The district is making progress in reducing the amounts of suspensions, expulsions, and involuntary transfers.
Under the settlement agreement, the district is required to train teachers and administrators on implicit bias. When one attendee asked during the forum whether the board of trustees will also be required to get that training, district officials said they would look into it.
Brian Mendiburu, Director of Student Behavior and Supports for the District, presented data that shows expulsions and involuntary transfers have decreased during the fall 2017 semester compared to the fall 2016 semester.
During the 2016-17 school year, almost 10 percent of all students were suspended. The district has not yet finalized suspension rates for the 2017-18 school year, but reported nearly 5 percent of students were suspended in fall 2017.
The data, however, also shows an unevenness in school discipline across racial demographics.
The rates of suspension for African American students in fall 2017 and the past two school years is more than two times higher than the suspension rates for white students. The number of involuntary transfers for hispanic students during fall 2017 was five times higher than white students, and four times higher than African American students. During fall 2017, three African American students and three hispanic students were expelled while just one white student was expelled.
Jon Eyler, CEO of Collaborative Learning Solutions, which KHSD contracted to assist in its transition to PBIS, explained that while the reductions in suspensions, expulsions, and involuntary transfers may appear small, the implementation of the Positive Behavior Intervention and Supports and Multi-Tiered Systems of Support framework takes time and will produce a gradual reduction in rates of suspension, expulsion, and involuntary transfers.
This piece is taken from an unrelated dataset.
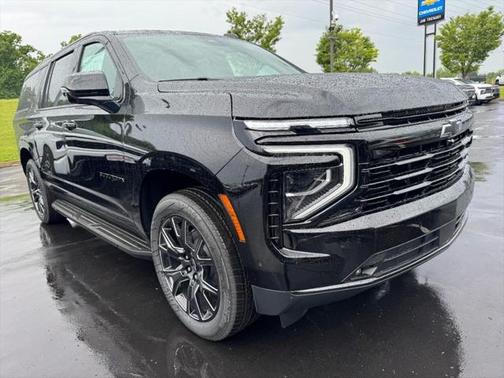 2025 Chevrolet Suburban RST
Eyler reported that all of the district’s comprehensive high schools and continuation schools have begun implementation of PBIS and MTSS with 15 of the district’s high schools already in their third year of PBIS and MTSS implementation. Eight other high schools are in their second year of implementation.
During the fall community forum on school discipline, some teachers and administrators expressed resistance to the new framework based on concerns about how to keep order in the classroom. Brenda Lewis, associate superintendent of instruction, said the district keeps an open line of communication with the small number of individuals struggling to adapt to the new model.
“Anytime you start a change you know there are going to be those individuals who can immediately see the need for what you are doing, and those that have to be brought along. But a lot of times people don’t really understand and you have to take the time and explain to them and help them to see the big picture,” Lewis said.
In addition to keeping an open dialogue, the district sent has been sending nearly 2,000 staff members to professional development trainings last fall to equip them with the skills to operate in the new PBIS and MTSS model. Roughly 2,000 more will receive training this spring.
The new model, however, has some questioning how teachers can discipline out-of-line students.
If students misbehave, they will face consequences under the PBIS and MTSS model, the difference being that an individualized assessment of the student’s behavior will occur, an individualized intervention plan developed, and if the behavior warrants suspension, it remains an option, Mendiburu said.
Lewis said that she thinks PBIS is working to reduce punitive disciplinary policies because of its focus on the root causes of a student’s misbehavior.
“What we used to suspend kids for, we now have alternatives to. We can provide interventions to them, and have other options.” Lewis said. “It is all about now trying to not only address the negative behavior, but also get to the cause of why the student is acting out the way that they are, and even though the numbers may seem small right now I know there is a much bigger picture taking place with the mindset.”